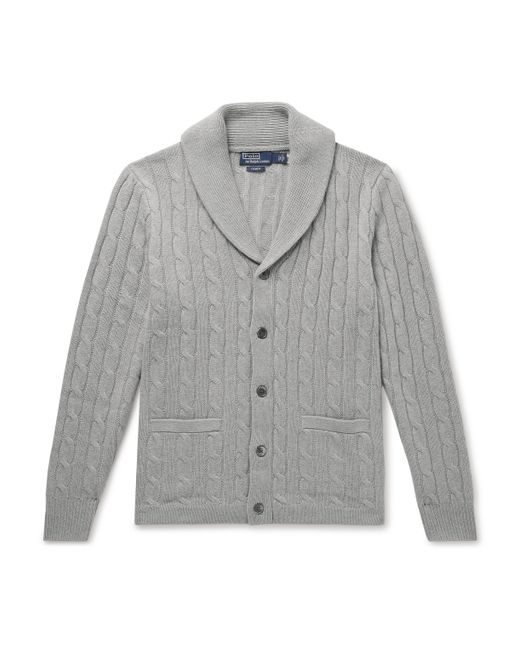Polo Ralph Lauren Shawl-Collar Cable-Knit Cashmere Cardigan XS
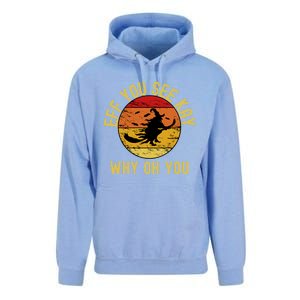 Eff You See Kay Why Oh You Funny Sarcastic Witch Broom Gift Unisex Surf Hoodie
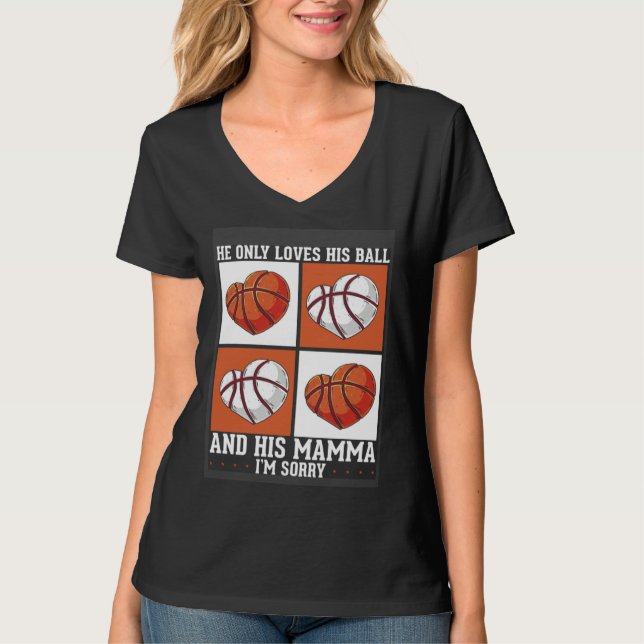 Basketball Mom Mothers Day Motherhood Basketball   T-Shirt (Front)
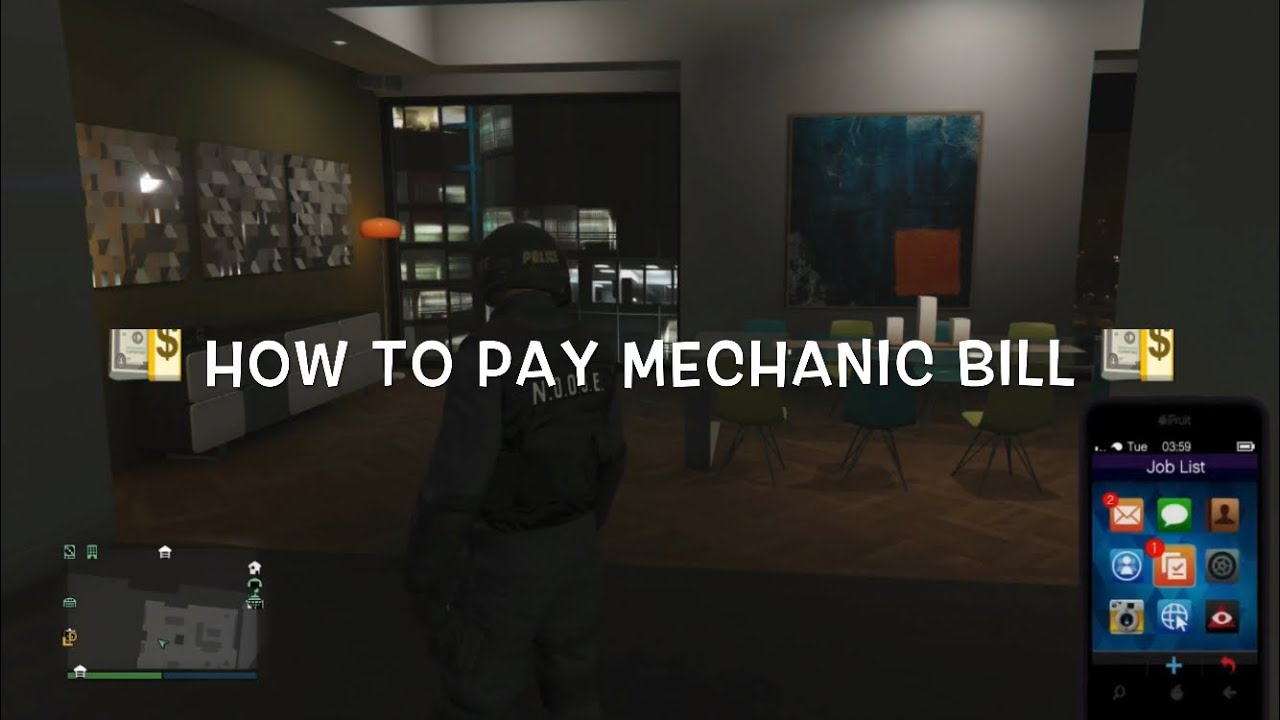 how to pay your mechanic bill in gta 5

◇ ◇ ◇

* **What the task requires**: Extract the full listing exactly, with the pictures left out.

* **Answer space**:
Polo Ralph Lauren Shawl-Collar Cable-Knit Cashmere Cardigan XS
 Eff You See Kay Why Oh You Funny Sarcastic Witch Broom Gift Unisex Surf Hoodie
 Basketball Mom Mothers Day Motherhood Basketball   T-Shirt (Front)
 how to pay your mechanic bill in gta 5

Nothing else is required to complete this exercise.